On June 25, a group of twenty education organizations and individuals sent a letter to Congress urging it to regulate the use of income share agreements, or “ISAs” – an increasingly popular means of financing higher education. The letter was sent to the House Financial Services Committee and Senate Finance Committee, requesting legislation “that provides protections for student consumers and a legal framework to guide the work of institutions and providers.”
What are ISAs?
ISAs are tied to the amount of income student borrowers earn following graduation. Students who fail to meet minimum income standards are not required to make payments until the threshold is met. Likewise, if a student borrower leaves the workforce, then the repayment plan is “paused” until he or she returns to the workforce. The ISA programs are advertised as not accruing interest on the amount borrowed. However, repayment plans are based on a term of months or years, and a certain percentage of income is used to calculate the monthly payment. Repayment plans are commonly capped at 2.5 times the amount borrowed – which may far exceed the principal balance and interest that would be charged using traditional methods of student loan financing, depending on the circumstances of the student borrower.
Who uses ISAs?
ISAs have been created by a various colleges across the United States and are used to help reduce or eliminate student loans. Education providers who use ISAs include traditional four-year, research institutions and “last-mile training providers” preparing workers for the most in-demand jobs. The letter also identifies a diverse group of student borrowers who use ISAs, including working adults pursuing higher education, career changers, traditional students, and students who are otherwise disqualified from existing federal or state aid programs.
What would the ISA legal framework look like?

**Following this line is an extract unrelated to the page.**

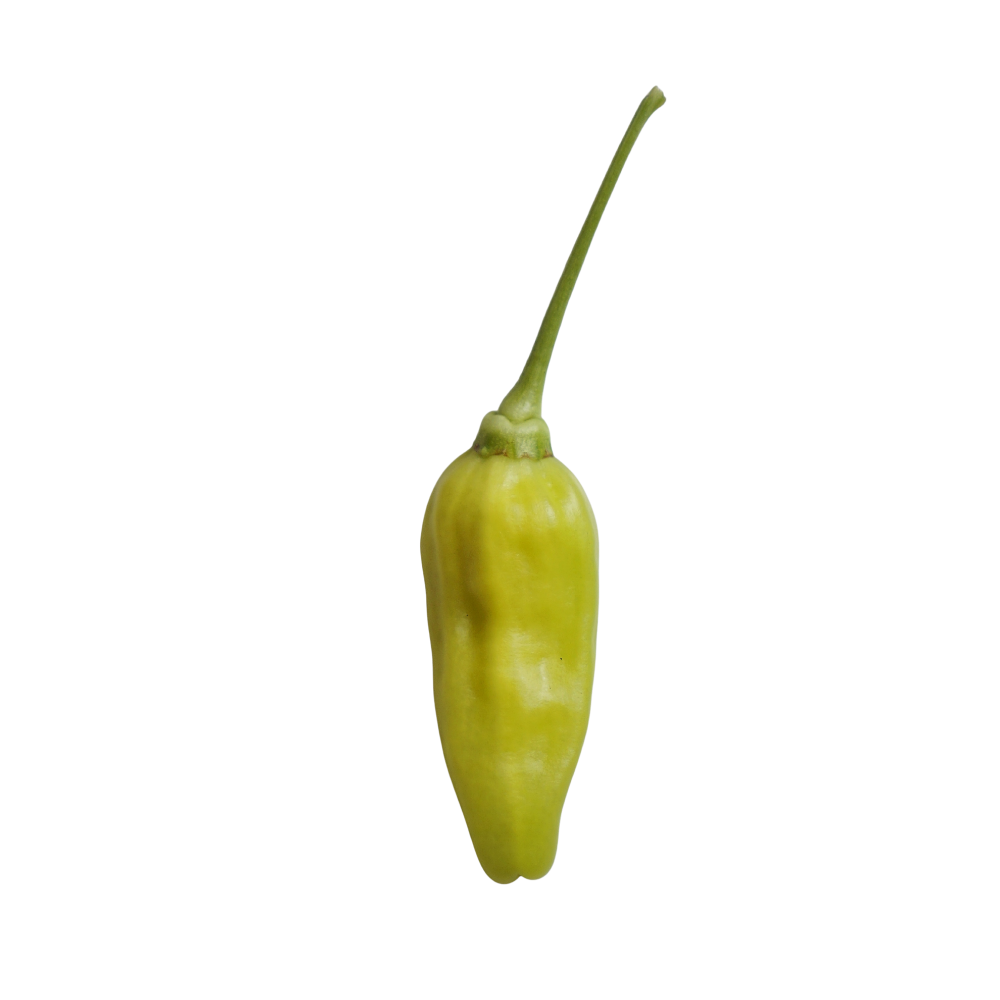 Cabe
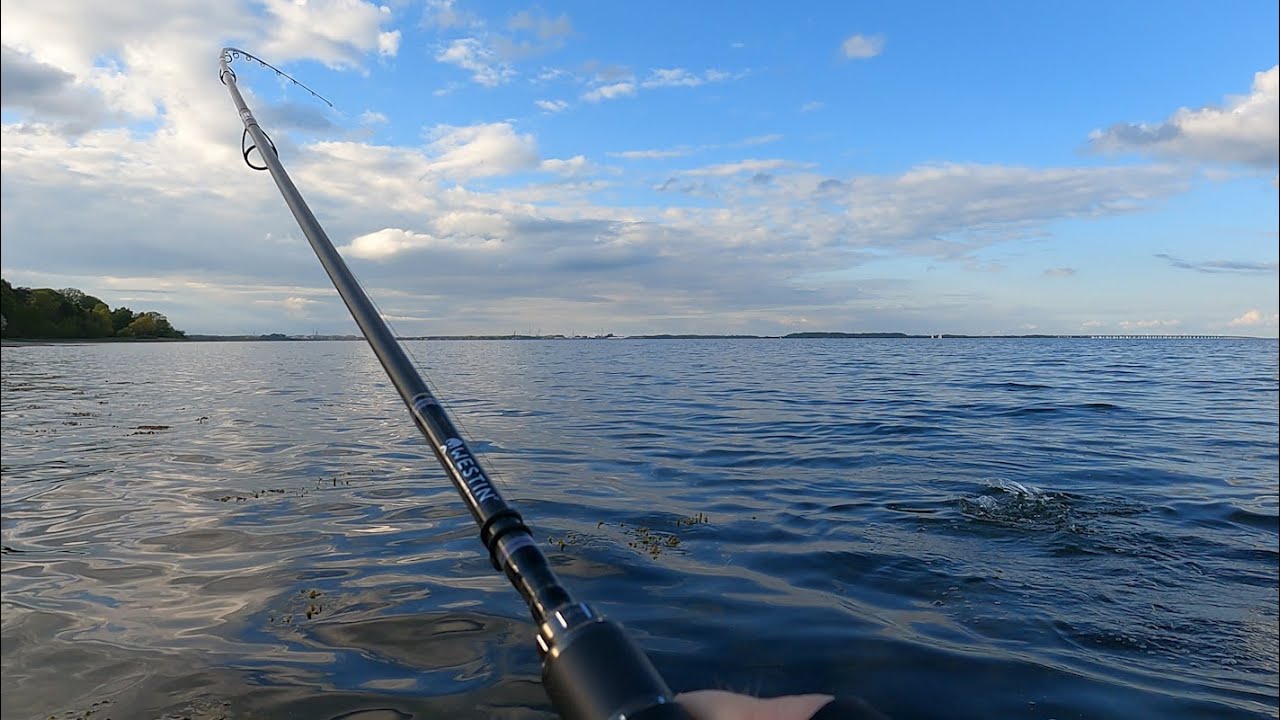 Voderup klit og Borgnæs 🎣 DEL 1  🐟 Ærø 🎥 Havørred fiskeri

The letter suggests legislation that would “establish a definition of ISA, provide a proper disclosure framework for student consumers, set a national minimum income threshold, create adequate protections around stackability, provide clarity on tax treatment for both students and institutions funding ISAs, and identify a federal regulator” – among other provisions. The education groups suggest that strong, transparent protections will deter the risk of abuse. ISAs would not be considered a replacement for current federal loan and grant programs and would supplement existing income-based repayment options.